**What is expected:**
Give back the lines below verbatim, omitting all pictures.

START Data extract

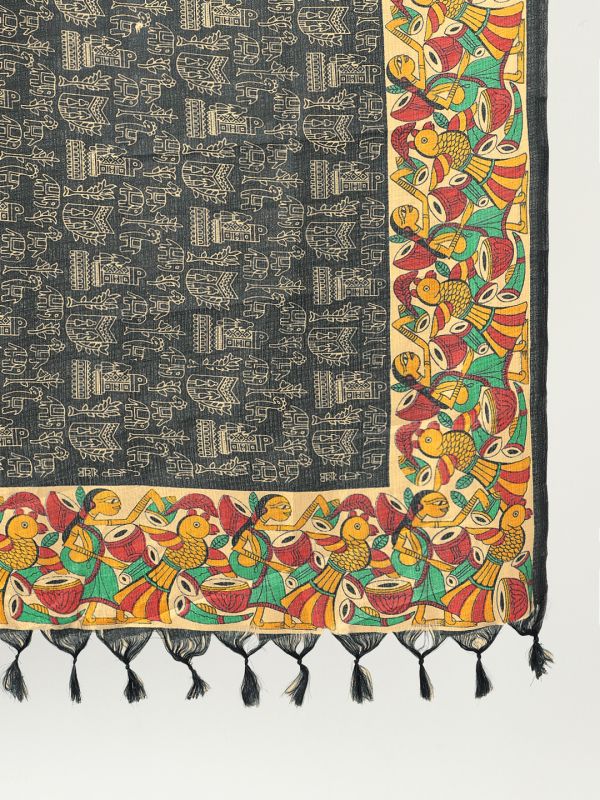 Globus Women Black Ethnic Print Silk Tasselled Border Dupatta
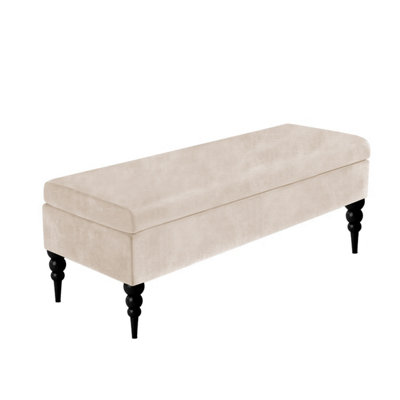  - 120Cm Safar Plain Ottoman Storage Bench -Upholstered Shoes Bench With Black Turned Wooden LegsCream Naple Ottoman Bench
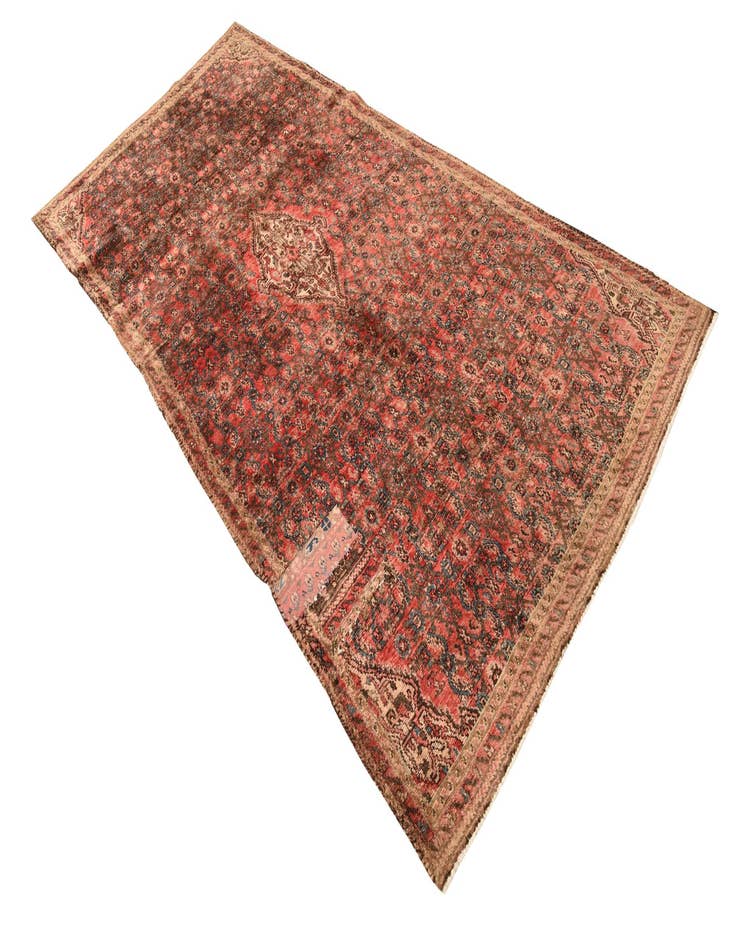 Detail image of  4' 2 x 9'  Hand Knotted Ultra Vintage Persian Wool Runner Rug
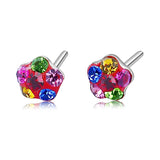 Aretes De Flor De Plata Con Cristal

END Data extract

**Exercise output:**
 Globus Women Black Ethnic Print Silk Tasselled Border Dupatta
  - 120Cm Safar Plain Ottoman Storage Bench -Upholstered Shoes Bench With Black Turned Wooden LegsCream Naple Ottoman Bench
 Detail image of  4' 2 x 9'  Hand Knotted Ultra Vintage Persian Wool Runner Rug
 Aretes De Flor De Plata Con Cristal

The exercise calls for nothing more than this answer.